(PROBLEM TO WORK ON):
I'd like the records transcribed exactly, leaving the images out.
Top of RECORDS
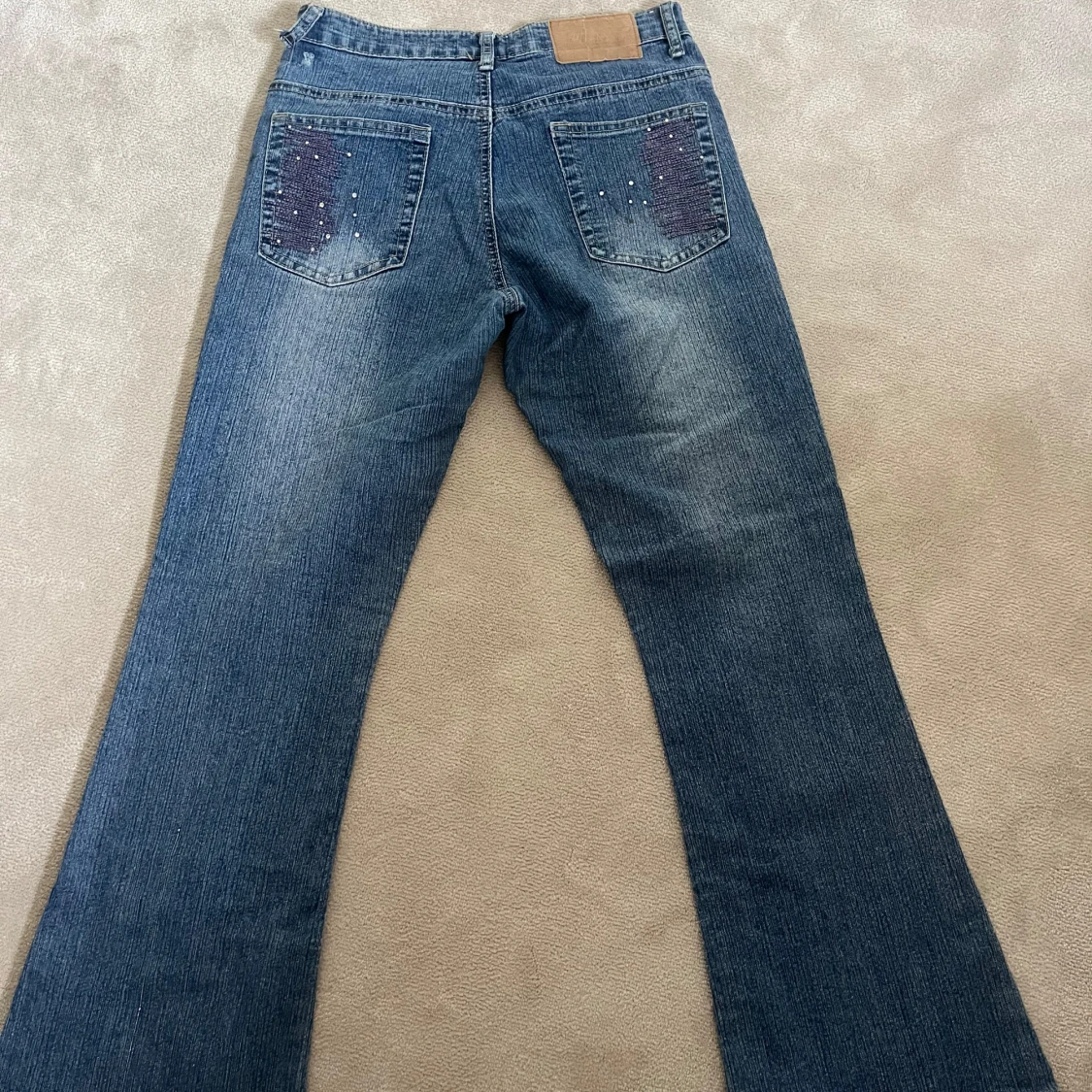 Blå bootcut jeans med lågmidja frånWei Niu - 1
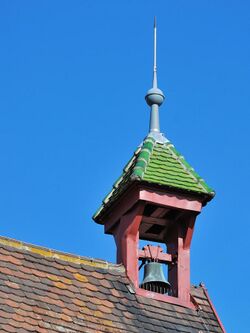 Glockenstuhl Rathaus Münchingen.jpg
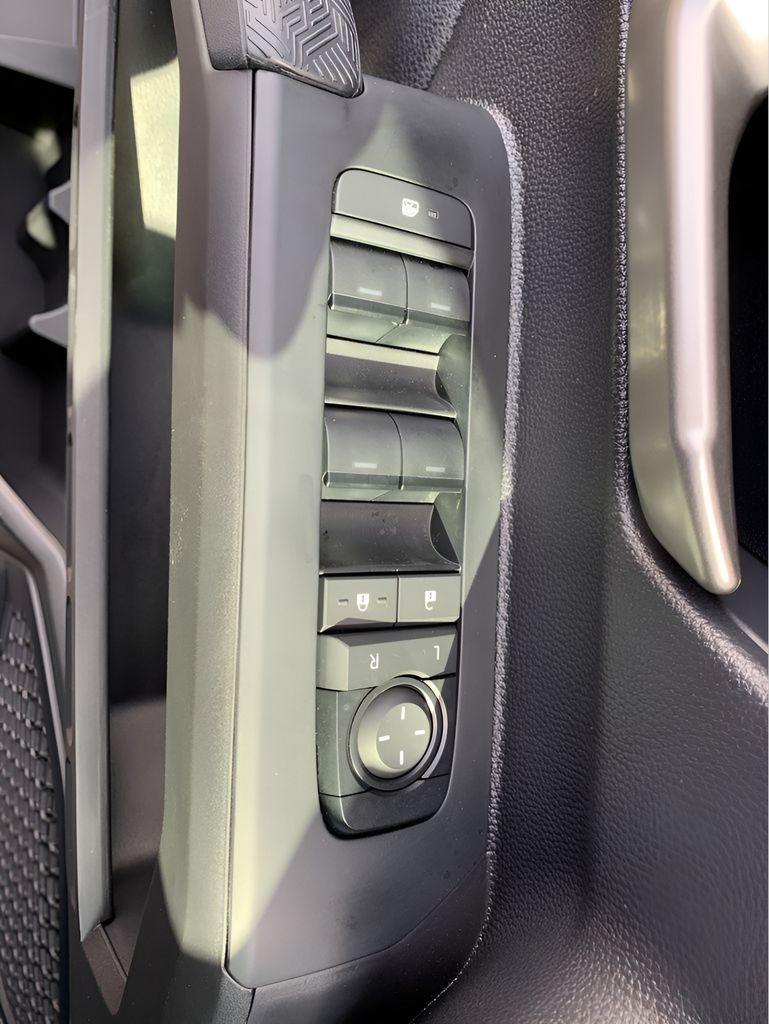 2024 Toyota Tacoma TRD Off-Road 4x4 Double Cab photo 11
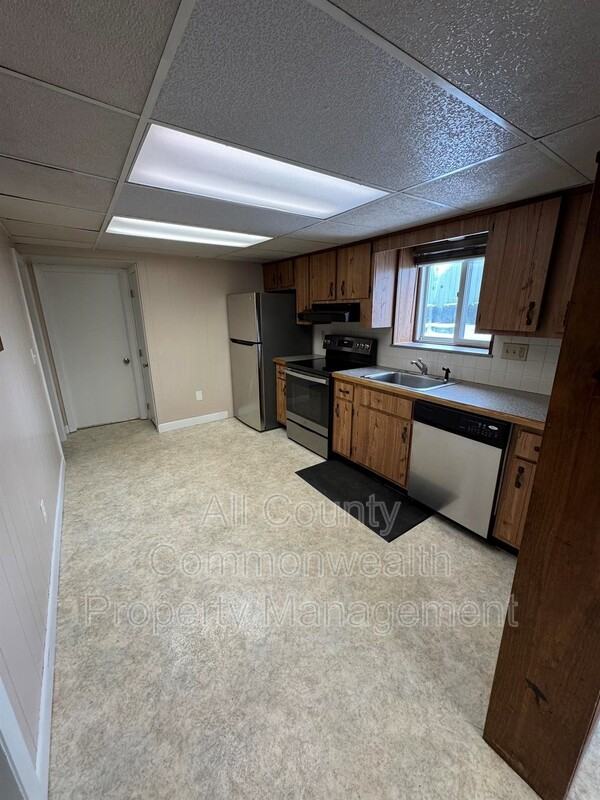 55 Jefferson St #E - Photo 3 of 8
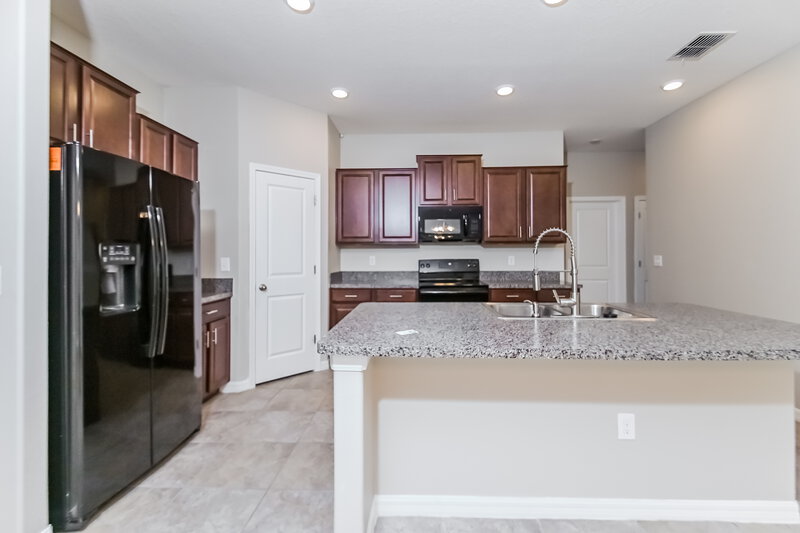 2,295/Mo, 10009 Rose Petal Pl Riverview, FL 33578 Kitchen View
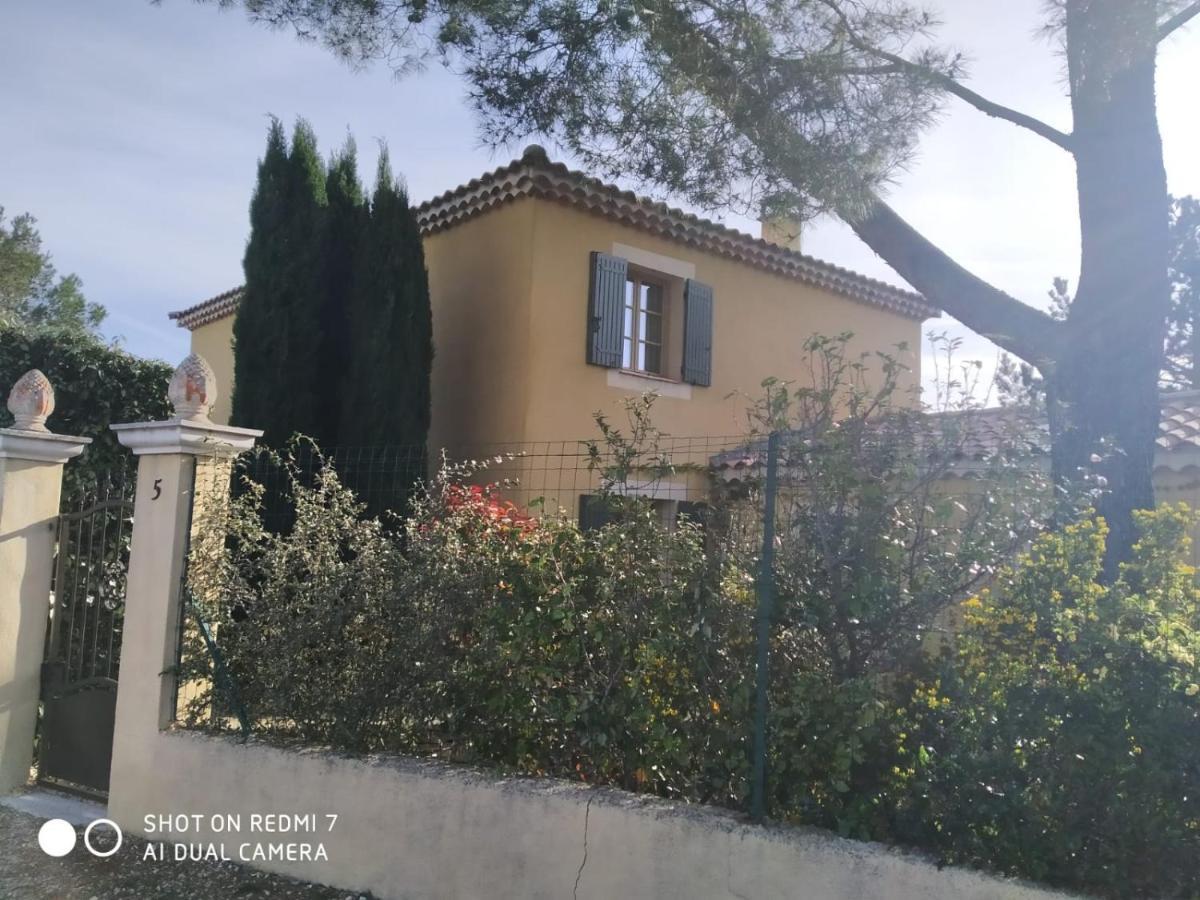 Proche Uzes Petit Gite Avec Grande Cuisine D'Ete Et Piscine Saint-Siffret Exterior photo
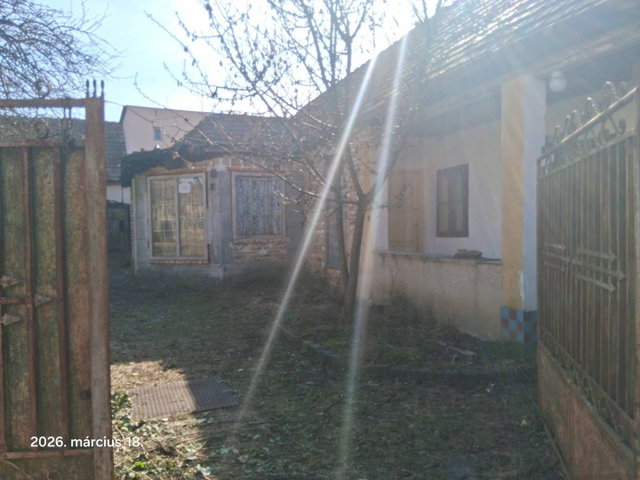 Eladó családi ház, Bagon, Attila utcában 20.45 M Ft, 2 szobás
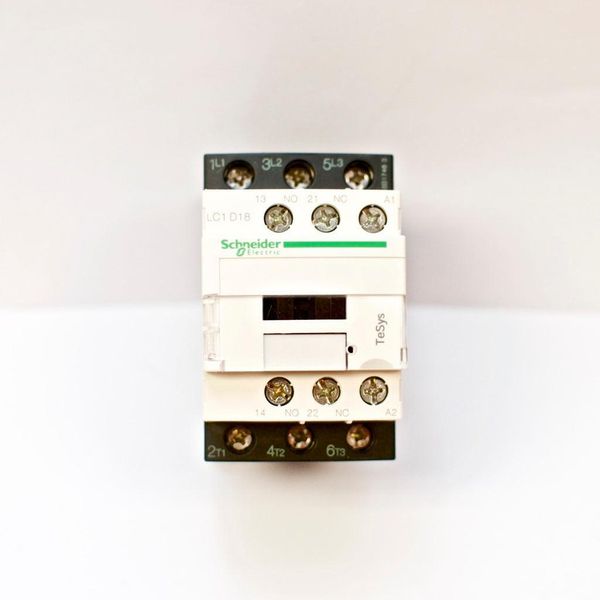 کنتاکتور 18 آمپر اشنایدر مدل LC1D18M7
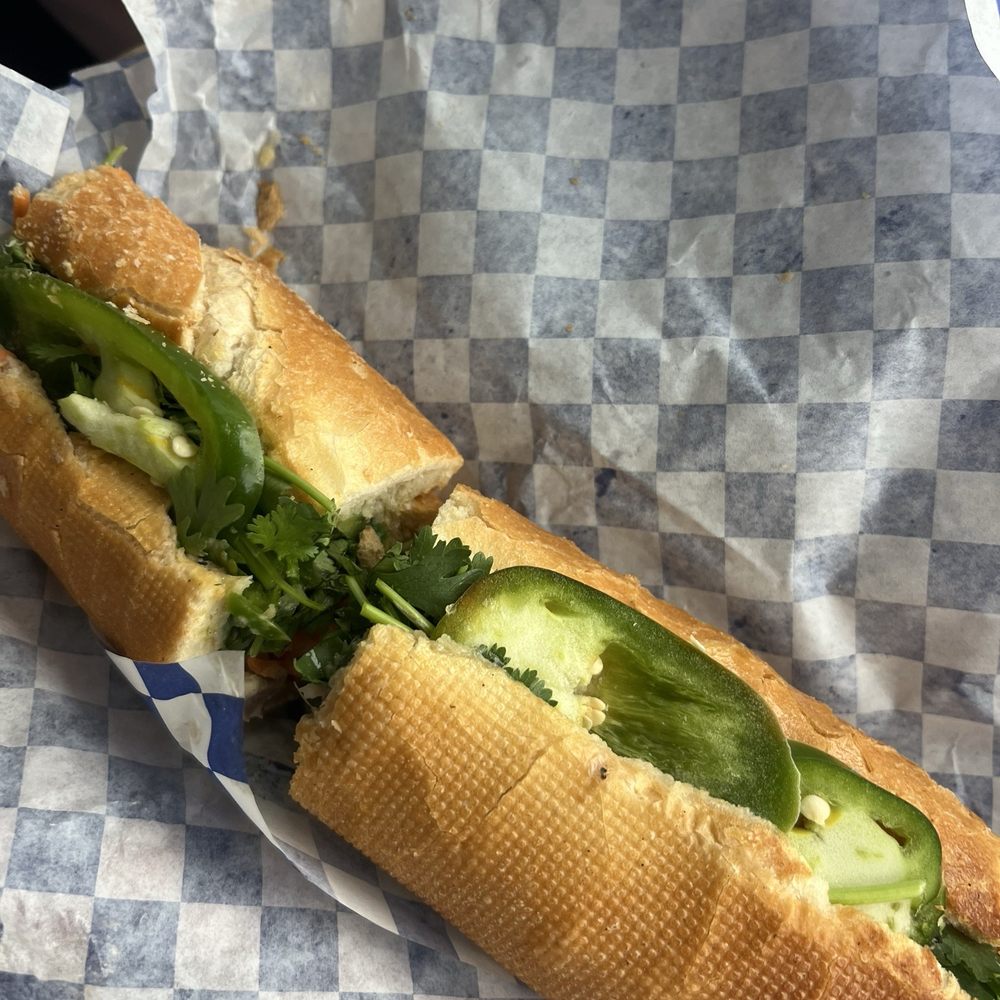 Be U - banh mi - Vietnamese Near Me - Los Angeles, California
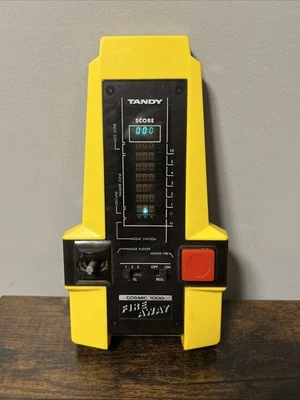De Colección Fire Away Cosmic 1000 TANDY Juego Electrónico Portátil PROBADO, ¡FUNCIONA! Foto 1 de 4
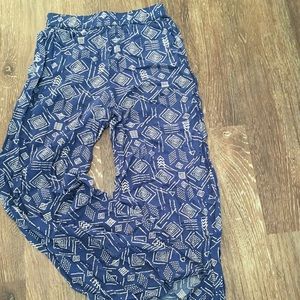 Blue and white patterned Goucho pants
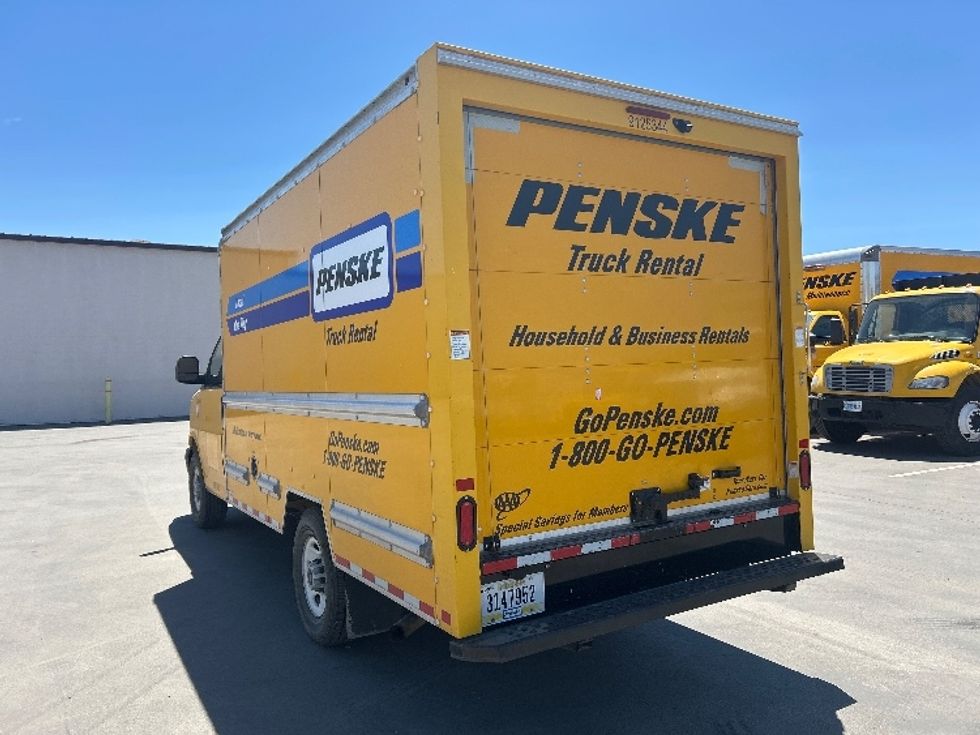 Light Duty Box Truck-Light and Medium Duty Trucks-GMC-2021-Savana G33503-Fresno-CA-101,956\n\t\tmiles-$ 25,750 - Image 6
Bottom of RECORDS
(RESPONSE TO THE TASK):
 Blå bootcut jeans med lågmidja frånWei Niu - 1
 Glockenstuhl Rathaus Münchingen.jpg
 2024 Toyota Tacoma TRD Off-Road 4x4 Double Cab photo 11
 55 Jefferson St #E - Photo 3 of 8
 2,295/Mo, 10009 Rose Petal Pl Riverview, FL 33578 Kitchen View
 Proche Uzes Petit Gite Avec Grande Cuisine D'Ete Et Piscine Saint-Siffret Exterior photo
 Eladó családi ház, Bagon, Attila utcában 20.45 M Ft, 2 szobás
 کنتاکتور 18 آمپر اشنایدر مدل LC1D18M7
 Be U - banh mi - Vietnamese Near Me - Los Angeles, California
De Colección Fire Away Cosmic 1000 TANDY Juego Electrónico Portátil PROBADO, ¡FUNCIONA! Foto 1 de 4
 Blue and white patterned Goucho pants
 Light Duty Box Truck-Light and Medium Duty Trucks-GMC-2021-Savana G33503-Fresno-CA-101,956\n\t\tmiles-$ 25,750 - Image 6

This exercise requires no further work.